Changing location of labels in box plot graphs

Jonas Boehlke

Join Date: May 2019

Posts: 22
#1

Changing location of labels in box plot graphs

22 May 2019, 04:08

Hello,

I'm trying to create box plots displaying changes in occupational shares for occupation 1-9, separated by the indicator variable "advanced economies" which is 1 for advanced economies and 0 otherwise. The graph in its original form looks like this

The code I used is

Code:

graph hbox mean_d_occ, over(o_id, relabel(1 "Occ1" 2 "Occ2" 3 "Occ3" 4 "Occ4" 5 "Occ5" 6 "Occ6" 7 "Occ7" 8 "Occ8" 9 "Occ9")) /// ytitle(, alignment(middle)) nooutsides by(ae)

Now I wanted to change the colors of certain occupation to red, for which I changed the code as follows

Code:

graph hbox mean_d_occ, over(o_id, relabel(1 "Occ1" 2 "Occ2" 3 "Occ3" 4 "Occ4" 5 "Occ5" 6 "Occ6" 7 "Occ7" 8 "Occ8" 9 "Occ9")) /// asyvar box(1, color(navy)) box(2, color(navy)) box(3, color(navy)) box(5, color(navy)) box(4, color(maroon)) box(6, color(maroon)) box(7, color(maroon)) box(8, color(navy)) box(9, color(maroon)) /// ytitle(, alignment(middle)) nooutsides by(ae)

But by adding the color line (beginning with asyvar) to my code, the occupation labels moved to the legend
box, which looks like this:

Now I would like to get the labels back to the vertical axis. Any ideas on this?

Also I would like to move the advanced economies to the left and name them "advanced economies" instead of 1 and the others "emerging and developing economies" instead of 0.
Lastly, is there a way to get rid of the labels "Graphs by Advanced Economies" and "exclude outside values?
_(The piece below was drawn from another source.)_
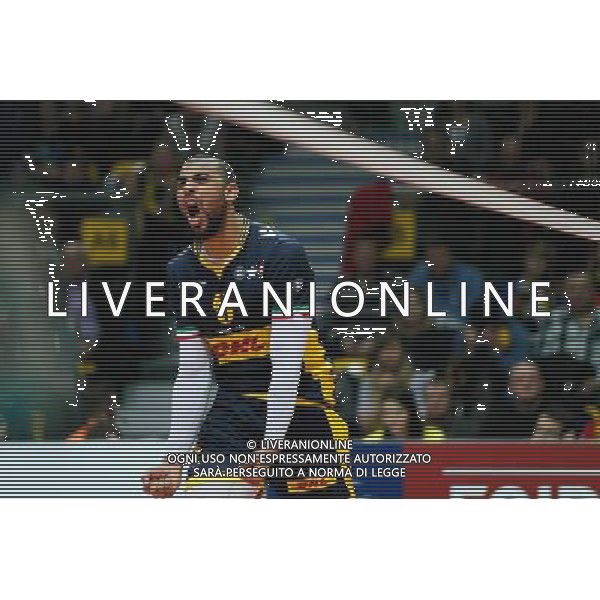 Gdynia, Gdynia Arena 21.01.2016 PLUSLIGA PLPS SIATKOWKA LIGA MISTRZOW CEV MEZCZYZN LOTOS TREFL GDANSK MECZ Lotos Trefl Gdansk vs DHL Modena CEV VOLLEYBALL CHAMPIONS LEAGUE GAME Lotos Trefl Gdansk vs DHL Modena NZ radosc celebration , earvin ngapeth , FOT. WOJCIECH FIGURSKI / 058sport.pl/NEWSPIX.PL --- Newspix.pl / AGENZIA ALDO LIVERANI SAS - ITALY ONLY EDITORIAL USE ONLY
Thanks in advance for your help! :-)

Regards,
Jonas

Attached Files
Tags: None
Nick Cox

Join Date: Mar 2014

Posts: 35727
#2

22 May 2019, 05:47

No data example here, but you want

horizontal box plots omitting outside values (!!!)

with one categorical variable defining rows, another categorical variable defining panels and yet another colouring differently within panels.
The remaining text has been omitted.